EXERCISE:
Please give back each line below unchanged; none of the pictures should appear.

=-=-=

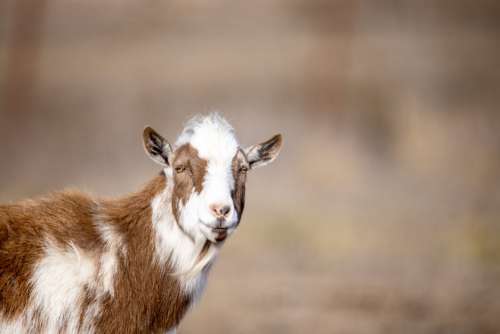 Animal Goat Livestock No Cost Stock Image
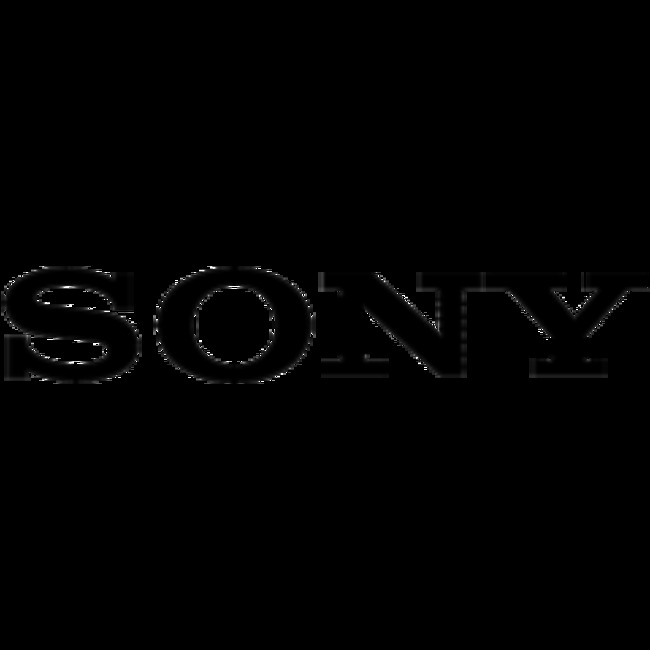 Ninety One SA PTY Ltd Buys Shares of 5,989 Sony Group Co. (NYSE:SONY)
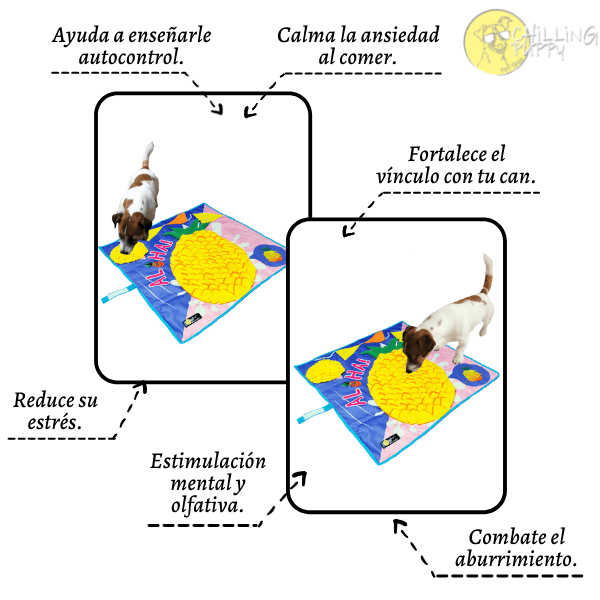 Alfombra Olfativa / Aloha (Chilling Mat) - Imagen 4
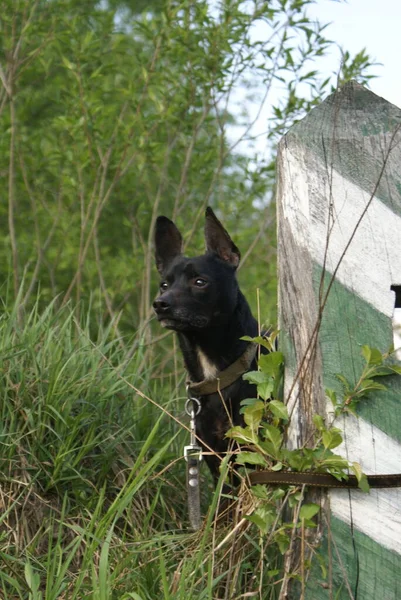 Black Dog Close View — Stock Photo, Image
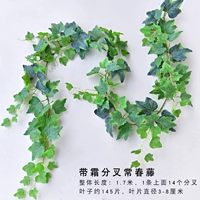 Вилочный плющ (с морозом)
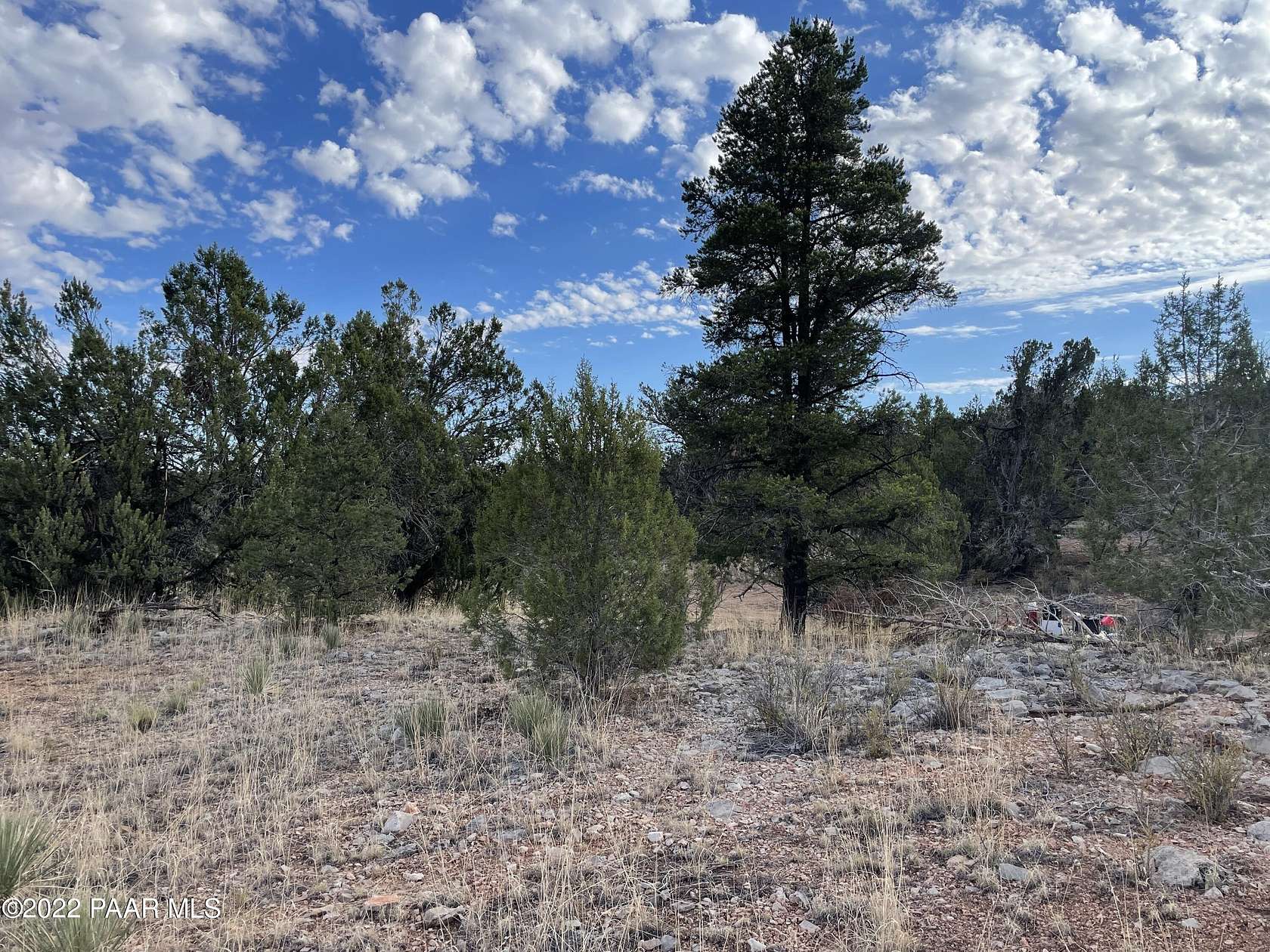 1.7 Acres of Land for Sale in Seligman, Arizona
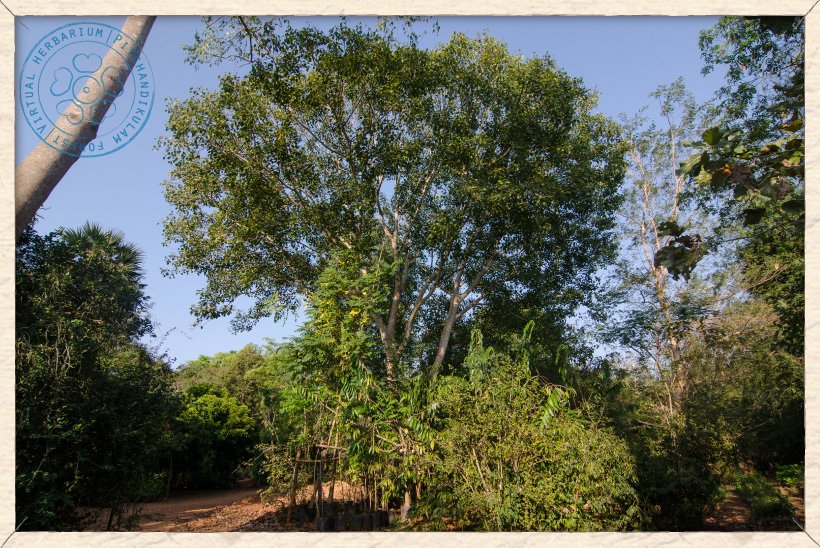 Ficus religiosa tree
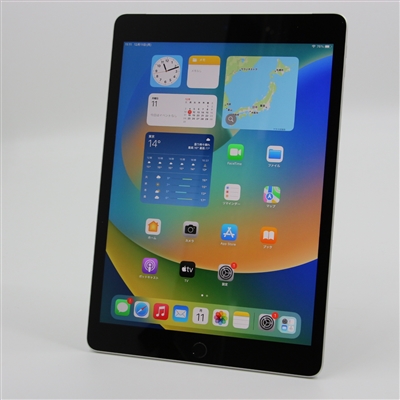 iPad (9th generation) Wi-Fi + Cellular / 64GB / 10.2-inch / シルバー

=-=-=

SOLVED EXERCISE:
 Animal Goat Livestock No Cost Stock Image
 Ninety One SA PTY Ltd Buys Shares of 5,989 Sony Group Co. (NYSE:SONY)
 Alfombra Olfativa / Aloha (Chilling Mat) - Imagen 4
 Black Dog Close View — Stock Photo, Image
 Вилочный плющ (с морозом)
 1.7 Acres of Land for Sale in Seligman, Arizona
 Ficus religiosa tree
 iPad (9th generation) Wi-Fi + Cellular / 64GB / 10.2-inch / シルバー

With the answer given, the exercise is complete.